Thursday, June 02, 2011

a simple survey...

does profanity detract from the veracity of the facts blog?  i was recently scolded on this matter. 

keep in mind if you say yes i have to go delete about 3 hours of writing i just labored over and start over....but don't let that influence your opinion.

44 comments:

Anonymous said...

I don't think so. Too much hostility can be a turn off to one side of an argument but there's not much to argue when it comes to evidence. It proves what it proves. And when the writer has a proven history of his facts leading to convictions, you can write however he pleases.

Nancy said...

Profanity? What profanity? Don't change a thing.

Anonymous said...

YES. It is sometimes very uncomfortable to read such postings. I don't use that type of language and it doesn't add anything to the post. I understand the frustrations and the need to put emphasis on them. To me, the vulgarities just bring the quality of the post down to a street talk level. Sometimes it feels that the only way to get that feeling out is to use profanities, but after awhile the effect is lost.Please don't delete all of the previous posts, just use better descretion in the future.
Thank you for all of your hard work and the eye opening reports. You DO NOT get the recognition that you deserve.

Clay said...

Hunter S Thompson had a quote that went something like 'reading the word Fuck is best way to know the message wasn't endorsed by the powers that be.'

Searching, but can't find the exact text. You really going to question the Thompson's wisdom?

Anonymous said...

It makes it tougher for me to share your posts with a wider audience, But I don't think it detracts from the content.

Anonymous said...

hell no

daveysmack said...

Of course the answer is no. However, profanity will inevitably narrow your audience.

Anonymous said...

Don't change a thing, just keep on keepin' on. I hear your voice when I read your posts, and I like your voice.

Jason Brad Berry said...

- Please don't delete all of the previous posts, just use better descretion in the future.
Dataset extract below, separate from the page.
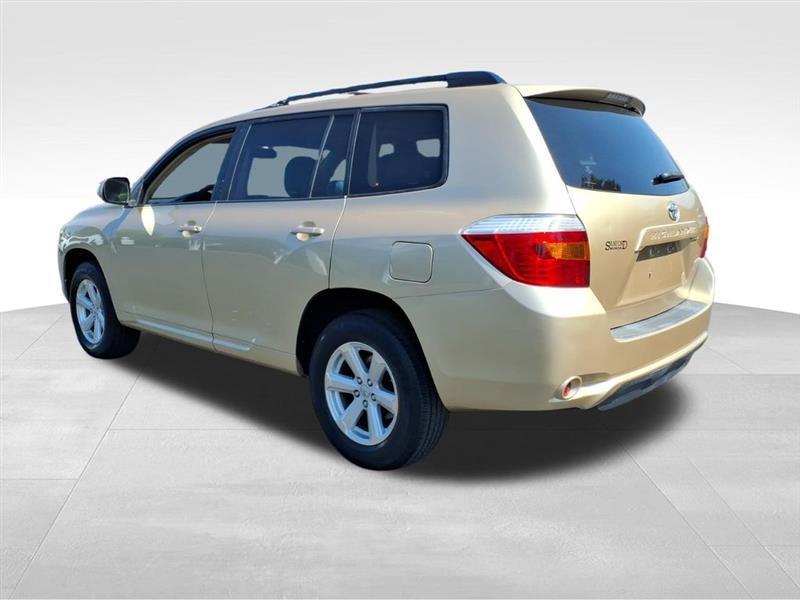 Toyota Highlander Base 2WD 2009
No, I'm sorry but I have to delete all my posts...no other choice.

Of course I jest. Jeez...that's blasphemy to even suggest it.

I'll stick to the standard M.O. I just had a conversation about the blog with a cat I respect and he told me I'm hindering the blog's effect by the excessive use of profanity. I think he's right, but then again I'm not sure anyone would read it if it was sanitized.

I guess bottom line is if it ain't fun it ain't worth it. If I put filters on it, it ain't fun. So I strive for fun...thanks for input....bitches. :)

Bigezbear said...

@ Dambala: It's a blog, not The New York Times. It's your blog. Use your voice.

Goddammit it.

Anonymous said...

Nope. Check out Buzz Bissinger's tweets some time.

Anonymous said...

Maybe just tone it down a little bit!! Love, Mom

Anonymous said...

LMAO!! You could say, friggin instead of fu--ing, poopie instead of sh-t,gosh darn instead of g-d damn.Would you like me to compose a dictionary of a Mother's way of toning down her son's profanity? You DO know I'm trying to be funny, don't you?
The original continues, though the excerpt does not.